In [0]:
%sql
CREATE CATALOG IF NOT EXISTS `breweries-catalog`;
--Create schema
CREATE SCHEMA IF NOT EXISTS `breweries-catalog`.bronze_layer;

In [0]:
import requests
import time
from pyspark.sql.types import (
    StructType,
    StructField,
    StringType
)
import pyspark.sql.functions as F

# Define schema based on API fields
schema = StructType([
    StructField("id", StringType(), False),
    StructField("name", StringType(), False),
    StructField("brewery_type", StringType(), False),
    StructField("address_1", StringType(), True),
    StructField("address_2", StringType(), True),
    StructField("address_3", StringType(), True),
    StructField("city", StringType(), False),
    StructField("state_province", StringType(), True),
    StructField("postal_code", StringType(), True),
    StructField("country", StringType(), False),
    StructField("longitude", StringType(), True),
    StructField("latitude", StringType(), True),
    StructField("phone", StringType(), True),
    StructField("website_url", StringType(), True),
    StructField("state", StringType(), False),
    StructField("street", StringType(), True)
])

# Get data from API with pagination and rate limit handling
api_url = "https://api.openbrewerydb.org/v1/breweries"
all_data = []
page = 1
per_page = 50

while True:
    try:
        resp = requests.get(
            api_url,
            params={"page": page, "per_page": per_page}
        )
        if resp.status_code == 429:
            time.sleep(2)  # Wait before retrying
            continue
        resp.raise_for_status()
        page_data = resp.json()
        if not page_data:
            break
        all_data.extend(page_data)
        page += 1
        time.sleep(0.5)  # Be nice to the API
    except requests.exceptions.HTTPError as e:
        print(f"HTTP error: {e}")
        break

# Create DataFrame
df_bronze = spark.createDataFrame(all_data, schema=schema)

# Add ingestion timestamp column
df_bronze = df_bronze.withColumn(
    "ingestion_timestamp",
    F.current_timestamp()
)

In [0]:
#DQ
if df_bronze.count() == 0:
    raise Exception("Data Quality Check Failed: Bronze Table is empty")
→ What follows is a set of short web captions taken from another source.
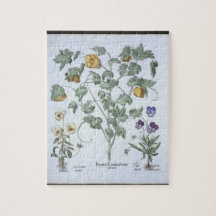 Yellow Horned Poppy, from the 'Hortus Eystettensis Jigsaw Puzzle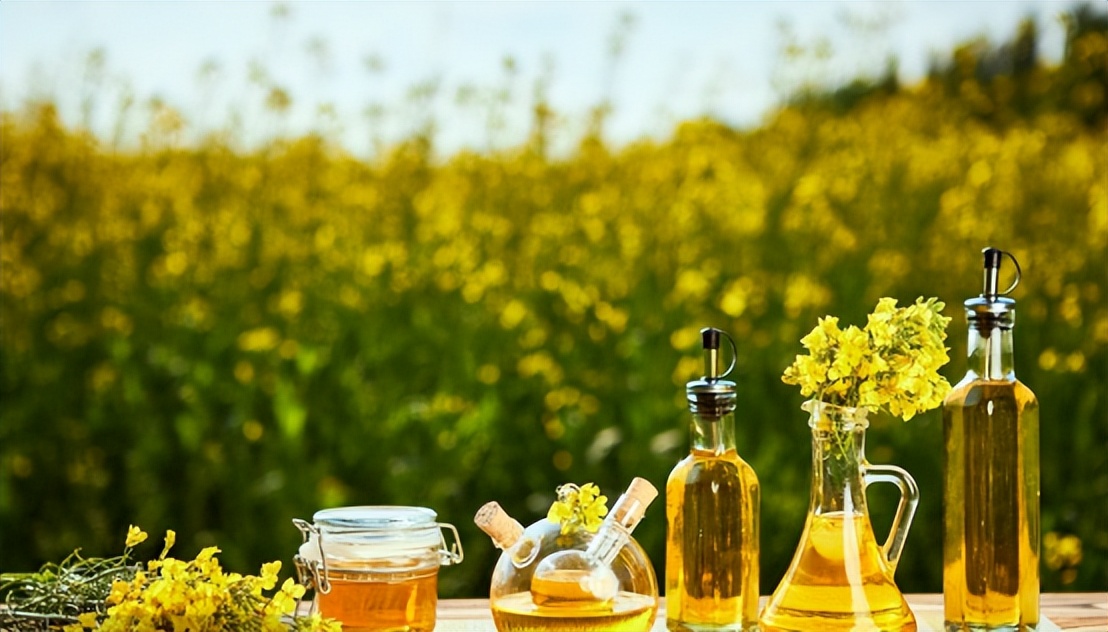 菜籽油为啥称之为劣质食用油,菜籽油含什么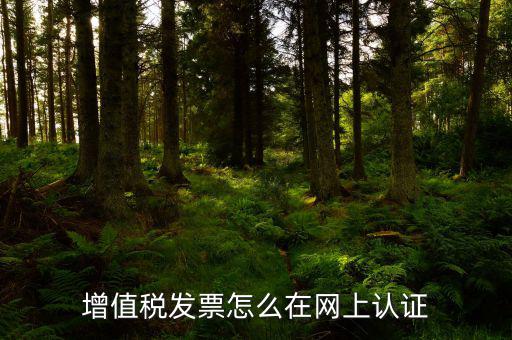 發(fā)票認(rèn)證需要什么軟件下載，國(guó)稅發(fā)票認(rèn)證需要準(zhǔn)備那些資料 到大廳辦的時(shí)候工作人員叫我拿U盤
not_null_columns = [field.name for field in df_bronze.schema.fields if not field.nullable]
null_not_allowed = [c for c in not_null_columns if df_bronze.filter(F.col(c).isNull()).count() > 0]
if null_not_allowed:
    raise Exception(f"Data Quality Check Failed: Null values found in NOT NULL columns: {null_not_allowed}")

# DQ Log
null_counts = df_bronze.select([
    F.count(F.when(F.col(c).isNull(), c)).alias(c) for c in df_bronze.columns
])
df_bronze_dq = null_counts.withColumn("dq_layer", F.lit("bronze")) \
                   .withColumn("ingestion_timestamp", F.current_timestamp())

# Salvar informações na tabela de dq
df_bronze_dq.write.mode("append").format("delta").saveAsTable("`breweries-catalog`.bronze_layer.breweries_dq")

In [0]:
# Write table
df_bronze.write \
  .format("delta") \
  .mode("append") \
  .saveAsTable("`breweries-pipeline-data-catalog`.bronze_layer.breweries_bronze")